A 68-year-old man was admitted due to abdominal pain. Endoscopy showed a round, smooth, elevated mass in the second portion of the duodenum with central ulceration. Abdominal contrast computed tomography showed a hypervascular tumor measuring 26 mm in diameter in the second portion of the duodenum, and pancreatic invasion was suspected. Endoscopic ultrasonography of the lesion confirmed a hypoechoic mass arising from the fourth layer of the duodenal wall. A biopsy was performed for central ulceration, and immunochemical studies showed positive results for smooth muscle actin (SMA) and negative results for S100, C-Kit, and CD34. Leiomyoma or gastrointestinal stromal tumor was suspected and pancreatoduodenectomy was performed. The specimen exhibited a vascular-rich tumor, 24 × 24 × 19 mm in size, with deep ulceration in the duodenum. Histological examination showed uniform small round cells with central nuclei and a pale cytoplasm (glomus cell) with perivascular proliferation. Immunochemical studies showed that the tumor was positive for SMA and collagen type IV, and negative for C-Kit, CD34, desmin, and S100. We diagnosed the tumor as a GT of the duodenum.

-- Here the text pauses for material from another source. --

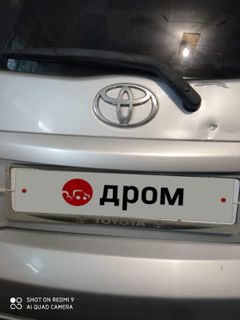 Хэтчбек Toyota ist 2002 года, 590000 рублей, Красноярск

GTs of the duodenum are exceedingly rare, but should be considered in the differential diagnoses of duodenal submucosal lesions.
血管球瘤(GTs)是起源于血管球的间叶性肿瘤性病变,通常发生于手指和脚趾。胃肠道血管球瘤罕见,其中大多数起源于胃;然而,起源于十二指肠的血管球瘤极为罕见。
一名68岁男性因腹痛入院。内镜检查显示十二指肠第二部有一个圆形、光滑、隆起的肿物,中央有溃疡。腹部增强计算机断层扫描显示十二指肠第二部有一个直径26毫米的高血运肿瘤,怀疑侵犯胰腺。对该病变进行内镜超声检查,证实为起源于十二指肠壁第四层的低回声肿物。对中央溃疡进行活检,免疫化学研究显示平滑肌肌动蛋白(SMA)呈阳性,而S100、C-Kit和CD34呈阴性。怀疑为平滑肌瘤或胃肠道间质瘤,遂行胰十二指肠切除术。标本显示为一个富含血管的肿瘤,大小为24×24×19毫米,十二指肠有深度溃疡。组织学检查显示细胞为均匀的小圆形,细胞核位于中央,细胞质淡染(血管球细胞),血管周围有增生。免疫化学研究显示该肿瘤SMA和IV型胶原呈阳性,而C-Kit、CD34、结蛋白和S100呈阴性。我们将该肿瘤诊断为十二指肠血管球瘤。
十二指肠血管球瘤极为罕见,但在十二指肠黏膜下病变的鉴别诊断中应予以考虑。